Bce e Germania ostacolano ancora l’Europa: il PIL in pericolo!

 

Mentre si attende il formale insediamento della nuova Commissione Europea, annunciata martedì dalla Presidente von der Leyen, previsto non prima di dicembre, il settore economico lancia segnali di allarme. Dall’indagine periodica di Federmeccanica emerge che il 38% delle aziende considera la possibilità di dover cessare le attività, influenzate anche da un calo delle esportazioni, soprattutto verso i paesi dell’Unione Europea.

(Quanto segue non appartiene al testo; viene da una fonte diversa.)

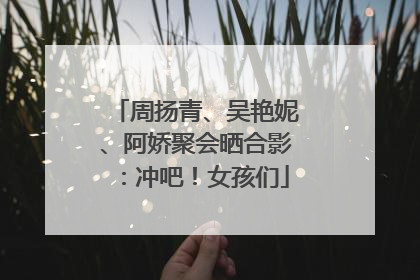 周扬青、吴艳妮、阿娇聚会晒合影：冲吧！女孩们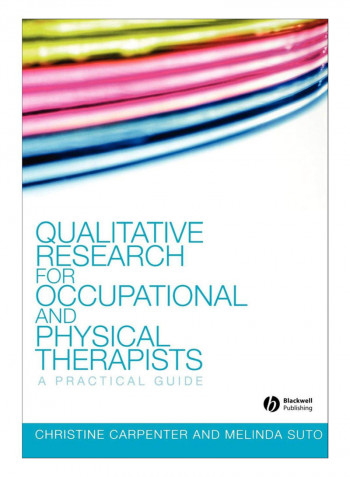 Qualitative Research For Occupational And Physical Therapists Paperback 1st Edition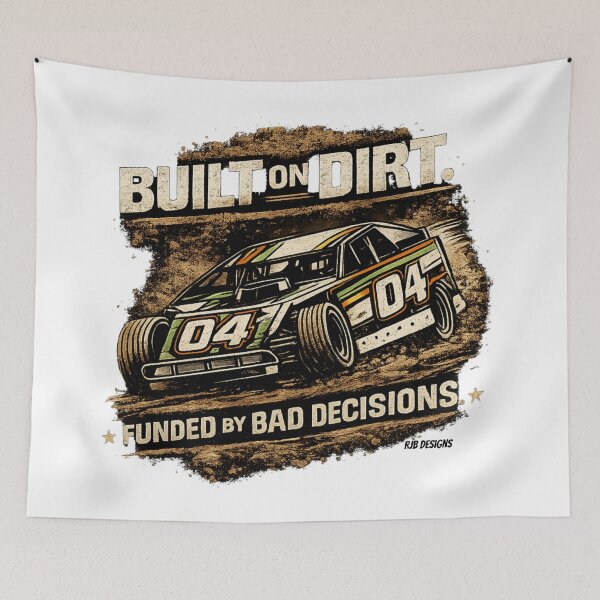 Item preview, Built on Dirt. Funded by Bad Decisions designed and sold by Rebel Design Works.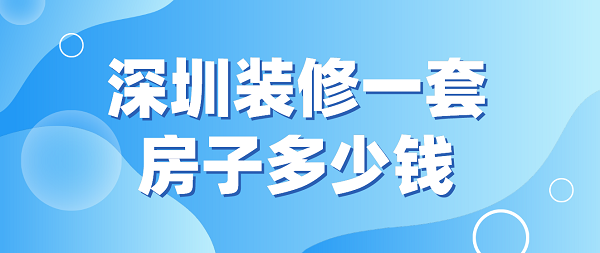 深圳装修一套房子多少钱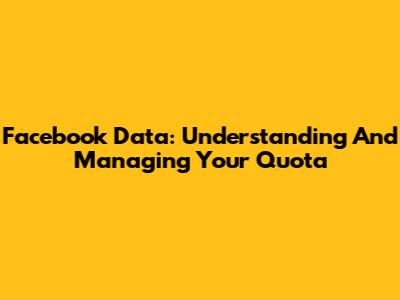 Facebook Data: Understanding And Managing Your Quota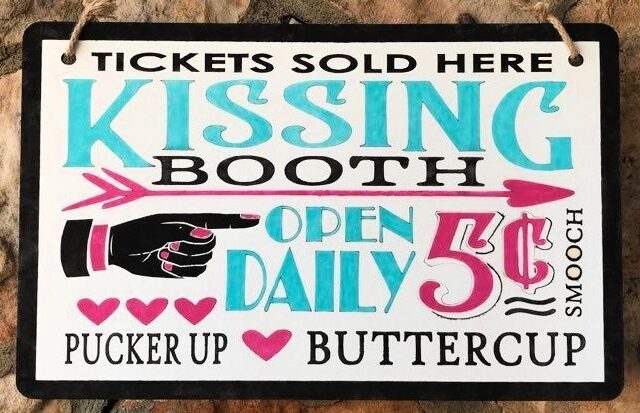 Kissing Booth, Open Daily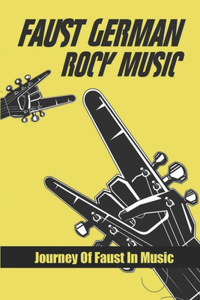 Faust German Rock Music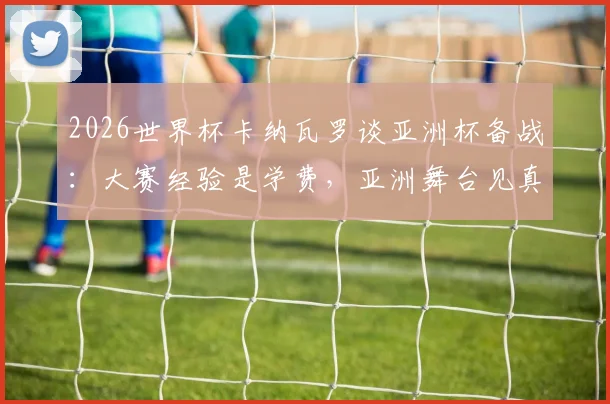 2026世界杯卡纳瓦罗谈亚洲杯备战：大赛经验是学费，亚洲舞台见真章，解析国足未来挑战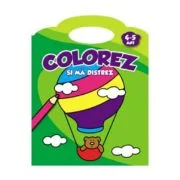 Colorez si ma distrez. 4-5 ani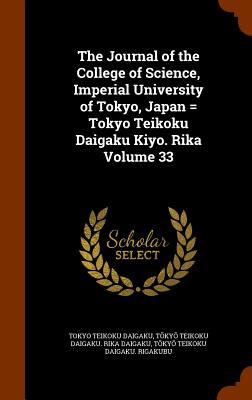 The Journal of the College of Science, Imperial University of Tokyo, Japan = Tokyo Teikoku Daigaku Kiyo. Rika Volume 33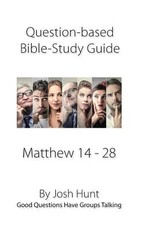 Question-based Bible Study Guide -- Matthew 14 - 28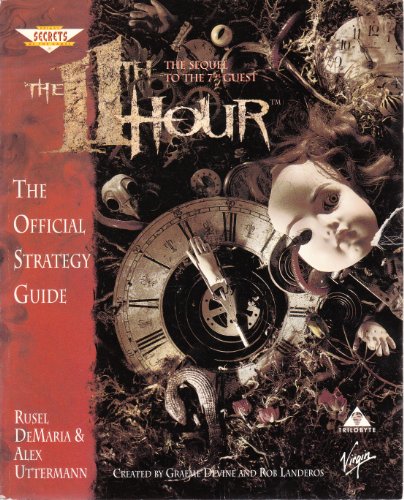 Imagen de archivo de The 11th Hour: The Official Strategy Guide (Secrets of the Games Series) (Pt. 2) a la venta por Wonder Book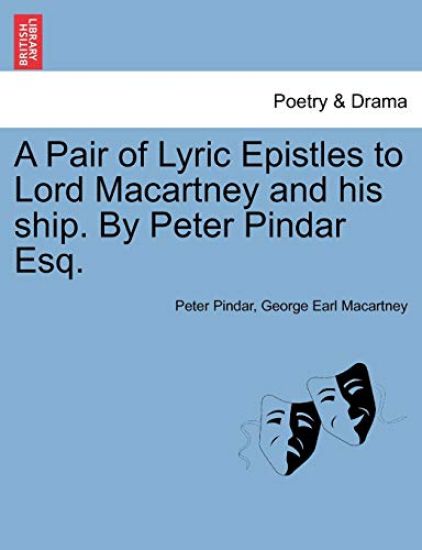A Pair of Lyric Epistles to Lord Macartney and His Ship. by Peter Pindar Esq.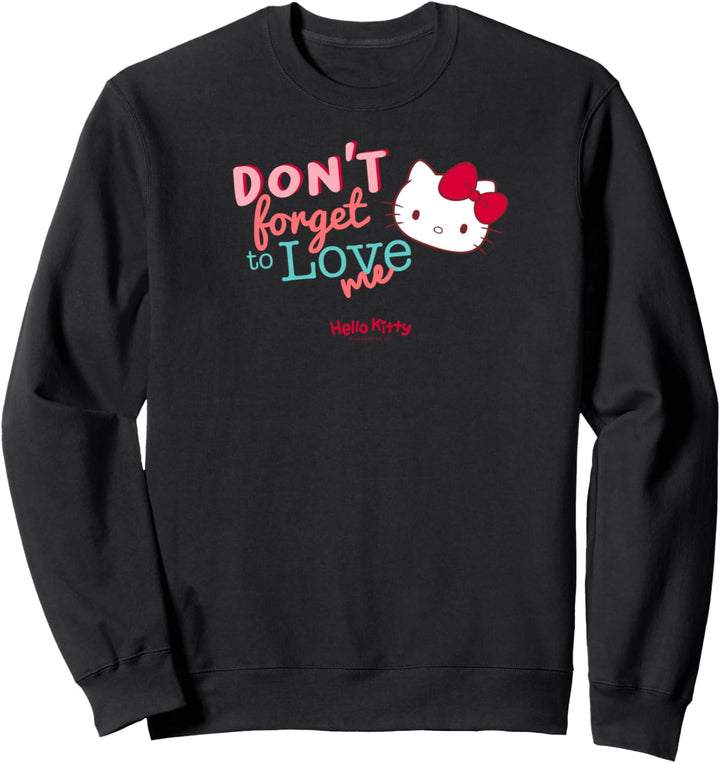 Vergiss nicht mich zu lieben - Hello Kitty Sweatshirt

Di conseguenza, figure come Luigi Campiglio, professore di Politica Economica presso l’Università Cattolica di Milano, criticano l’azione della BCE che la scorsa settimana ha ridotto i tassi di interesse di soli un quarto di punto, ritenendola insufficiente.

 


 

 


 

 

Non sarebbe stato più efficace un taglio di mezzo punto percentuale?

 

Un taglio più marcato, di mezzo punto, avrebbe sicuramente avuto un impatto maggiore sulla situazione economica attuale. Inoltre, non è chiaro se ci sarà presto un ulteriore taglio dello 0,25%. Anche se molti lo considerano ovvio, non si può dare per scontato.

 


 

 


 

 

 

La BCE continua a valutare i dati per prendere decisioni…

 

Certo, ma i dati attuali sull’inflazione non sembrano giustificare alcuna preoccupazione immediata.

 

Pur tuttavia, la BCE prevede un aumento verso fine anno, con l’obiettivo del 2% che dovrebbe essere raggiunto nella seconda metà del 2025.

 

Questa non è prudenza, ma un ritardo che può trasformarsi in agonia.

 

La BCE mira forse a garantire che, tramite questa stagnazione o addirittura recessione, l’inflazione non aumenti e così facendo possa centrare il suo obiettivo?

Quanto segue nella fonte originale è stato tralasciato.